In fact, the company announced last week that it expects to register total passenger movements of 10.5 million in 2026, representing 4.4% growth compared to 2025’s figure of 10.06 million.
“This is undoubtedly very positive news for the company’s shareholders. Unfortunately, this is mostly overlooked by many investors, who remain disgruntled at the fact that the company’s share price has rarely surpassed €6”
While MIA is due to publish its annual financial statements for 2025 by the end of February, since the level of passenger movements is a key determinant to revenue and profitability levels, it is natural to expect the company to confirm another record financial performance for 2025.
MIA’s last financial forecast for 2025 was in August 2025, when it upgraded its earlier guidance for the year to 9.7 million passengers, with revenue anticipated at €151 million, EBITDA of €93 million, and net profit of €49 million.
The 2025 annual financial statements due to be published in the coming weeks should reveal improvements all across these figures given the achievement of just over 10 million passengers.

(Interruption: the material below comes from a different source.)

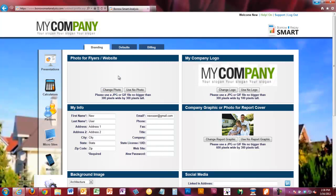We're going to start on the Branding tab. You should see in the upper left a place for your flyers and website photos. Throughout the plan creation process, there'll be times when you may want to brand your information with a photo. The mobile apps, websites, and microsites are all going to pull this particular photo. Initially you'll have no photo loaded, so we're going to want to change your photo to something you'd like to use.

Meanwhile, based on the 2026 traffic guidance of 10.5 million passengers, the company also provided its financial guidance for the current year. MIA expects revenue of €162 million in 2026 – 7.3% higher than the August 2025 forecast of €151 million. Likewise, EBITDA is expected to rise to €98 million – 5.3% higher than the August 2025 forecast of €93 million, while it anticipates €51 million net profit in 2026 – 4.1% higher than the August 2025 forecast of €49 million.

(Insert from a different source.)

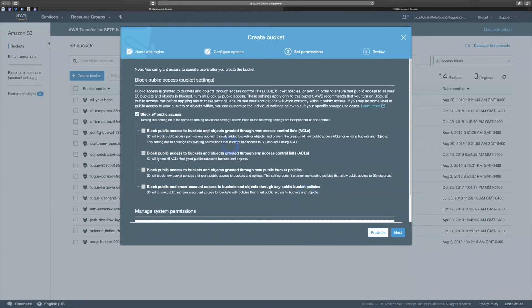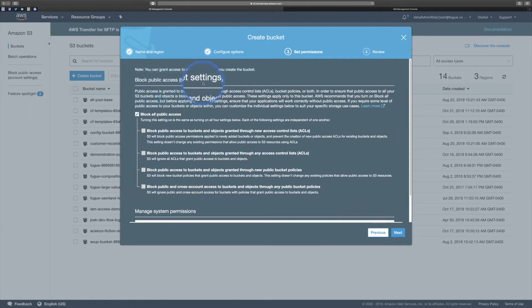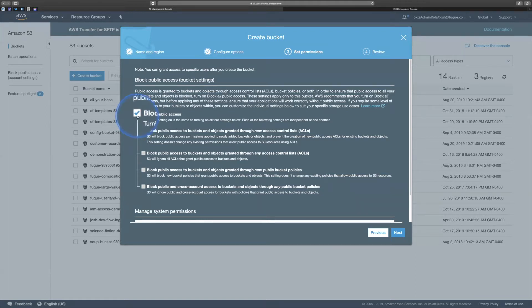Let's get to permissions. Amazon puts this front and center now — this Block Public Access bucket settings. I'm going to walk through these because this illustrates some of the things I'm going to be showing you later. If you truly want a private bucket, this is what you check. You check all of these. But let's walk through them one at a time.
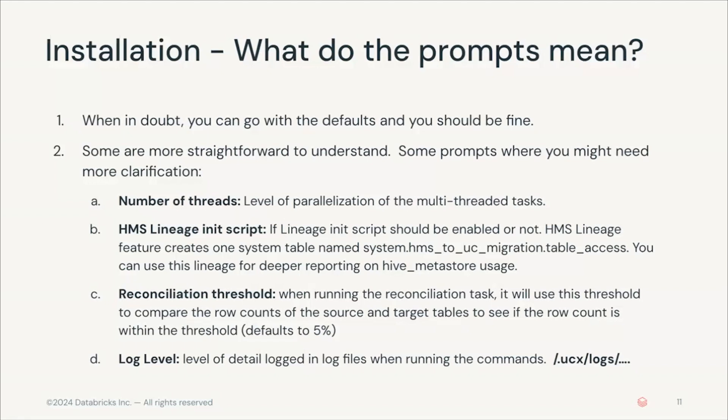Then you will be asked about the HMS lineage init script. The lineage init script can be enabled, and this is optional. They ask you if you want to enable it, and if you enable it, it will provide the lineage as part of system.hms2ucmigration.tableaccess, and you can use that lineage to get deeper reporting knowledge of your Hive Metastore usage.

MIA also announced that capital expenditure in 2026 is expected to amount to €90 million as it continues making headway in its €345 million investment plan for the 2025-29 period, as announced in February 2025.

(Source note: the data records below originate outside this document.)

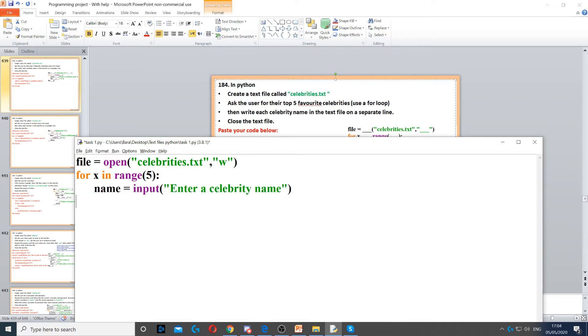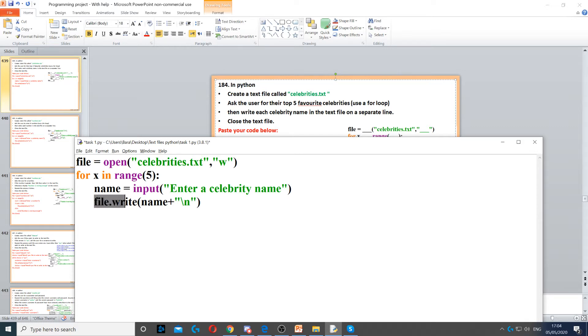Inside the for loop we ask the question, enter a celebrity name. Then we need to write that name to the file. So to do that we use file.write. Then you put the variable which is name, which will contain the celebrity name.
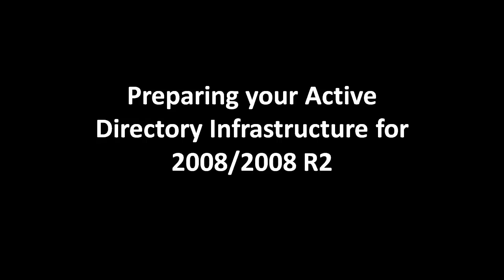Hello, today we're going to learn how to prepare your Active Directory infrastructure for an upgrade to 2008 or 2008 R2.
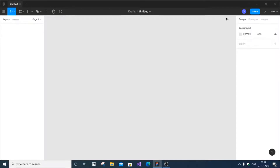In this video I'm going to show you how to move from one screen to another using Figma UI. Let's get started.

Following the first expansion phase – the 1,550sqm westward expansion of the terminal, which was completed in the first half of 2025 ‒ the focus in 2026 will be mainly the construction of Sky Parks 2 and the second expansion phase, involving the eastward expansion of the terminal, which started at the end of 2025.
The airport’s growth trajectory over recent years has been nothing short of extraordinary. A comparison of key performance indicators to the pre-COVID levels provides a clear indication of the extent of the growth. If the airport succeeds in achieving its planned growth of 10.5 million passengers this year, this would be 44% higher than the 7.3 million passenger movements in 2019.
Meanwhile, the impact on the company’s financial performance is even stronger. The expected revenue of €162 million would be 62% above the 2019 figure of €100 million, with EBITDA growing by 55% and net profit up by 50% from the 2019 levels.
This is undoubtedly very positive news for the company’s shareholders. Unfortunately, this is mostly overlooked by many investors, who remain disgruntled at the fact that the company’s share price has rarely surpassed the €6 level over the past two years.
Hopefully, the timing of the improvement in the company’s cash flow should soon become clearer to the market once the company provides more details on the expected completion of the various phases of the ongoing major investment programme. This should eventually translate into much more meaningful dividend payments to shareholders.